(DATA FOR THE TASK begins)
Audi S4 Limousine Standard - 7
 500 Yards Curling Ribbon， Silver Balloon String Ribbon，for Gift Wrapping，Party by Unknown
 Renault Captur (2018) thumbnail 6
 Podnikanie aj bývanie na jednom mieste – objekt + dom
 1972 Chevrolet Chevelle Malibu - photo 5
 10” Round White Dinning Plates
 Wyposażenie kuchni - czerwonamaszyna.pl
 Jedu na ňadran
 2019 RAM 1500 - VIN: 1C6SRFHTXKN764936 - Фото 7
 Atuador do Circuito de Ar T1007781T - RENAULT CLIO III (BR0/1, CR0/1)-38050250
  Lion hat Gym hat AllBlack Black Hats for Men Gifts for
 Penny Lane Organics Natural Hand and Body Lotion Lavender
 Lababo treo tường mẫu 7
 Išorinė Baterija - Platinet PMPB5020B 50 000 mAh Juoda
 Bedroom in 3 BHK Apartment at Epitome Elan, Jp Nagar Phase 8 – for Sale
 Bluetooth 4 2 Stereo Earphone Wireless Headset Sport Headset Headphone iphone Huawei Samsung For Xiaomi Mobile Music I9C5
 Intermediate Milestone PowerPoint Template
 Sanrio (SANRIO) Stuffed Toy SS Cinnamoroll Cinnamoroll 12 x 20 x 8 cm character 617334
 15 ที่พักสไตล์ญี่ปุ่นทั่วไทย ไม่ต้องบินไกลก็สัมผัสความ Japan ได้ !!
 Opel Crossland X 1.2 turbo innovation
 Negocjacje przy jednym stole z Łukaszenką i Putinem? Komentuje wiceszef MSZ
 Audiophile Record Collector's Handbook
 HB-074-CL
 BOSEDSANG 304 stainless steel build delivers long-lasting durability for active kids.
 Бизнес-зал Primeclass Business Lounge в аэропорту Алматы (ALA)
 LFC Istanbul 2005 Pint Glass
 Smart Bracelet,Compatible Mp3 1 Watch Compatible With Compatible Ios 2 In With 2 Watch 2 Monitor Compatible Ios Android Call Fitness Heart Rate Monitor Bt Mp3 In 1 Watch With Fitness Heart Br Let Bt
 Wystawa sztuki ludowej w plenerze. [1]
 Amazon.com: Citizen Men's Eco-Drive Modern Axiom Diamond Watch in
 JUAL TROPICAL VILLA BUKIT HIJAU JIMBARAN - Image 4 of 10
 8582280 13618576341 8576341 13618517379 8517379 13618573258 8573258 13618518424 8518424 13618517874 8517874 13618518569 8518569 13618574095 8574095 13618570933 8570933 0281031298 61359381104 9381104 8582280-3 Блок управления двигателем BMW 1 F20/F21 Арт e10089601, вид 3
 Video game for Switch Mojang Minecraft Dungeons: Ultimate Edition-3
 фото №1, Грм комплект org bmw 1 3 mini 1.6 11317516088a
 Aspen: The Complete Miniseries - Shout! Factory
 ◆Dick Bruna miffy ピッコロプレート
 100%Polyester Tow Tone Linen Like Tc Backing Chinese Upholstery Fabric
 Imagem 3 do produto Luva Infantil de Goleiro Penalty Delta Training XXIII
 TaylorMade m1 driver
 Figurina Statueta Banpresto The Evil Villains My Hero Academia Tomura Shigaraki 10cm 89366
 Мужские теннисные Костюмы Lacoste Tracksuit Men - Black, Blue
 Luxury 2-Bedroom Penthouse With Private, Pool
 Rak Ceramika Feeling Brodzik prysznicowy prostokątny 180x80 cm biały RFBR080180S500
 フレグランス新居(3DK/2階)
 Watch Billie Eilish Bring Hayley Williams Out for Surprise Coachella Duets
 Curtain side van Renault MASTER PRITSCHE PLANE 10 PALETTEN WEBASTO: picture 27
(DATA FOR THE TASK ends)
**YOUR INSTRUCTIONS**: All lines above from the one containing "2019 RAM 1500" to the one containing "Išorinė Baterija - Platinet" must be repeated exactly, both lines included, and no others.

**EXERCISE SOLUTION**:
 2019 RAM 1500 - VIN: 1C6SRFHTXKN764936 - Фото 7
 Atuador do Circuito de Ar T1007781T - RENAULT CLIO III (BR0/1, CR0/1)-38050250
  Lion hat Gym hat AllBlack Black Hats for Men Gifts for
 Penny Lane Organics Natural Hand and Body Lotion Lavender
 Lababo treo tường mẫu 7
 Išorinė Baterija - Platinet PMPB5020B 50 000 mAh Juoda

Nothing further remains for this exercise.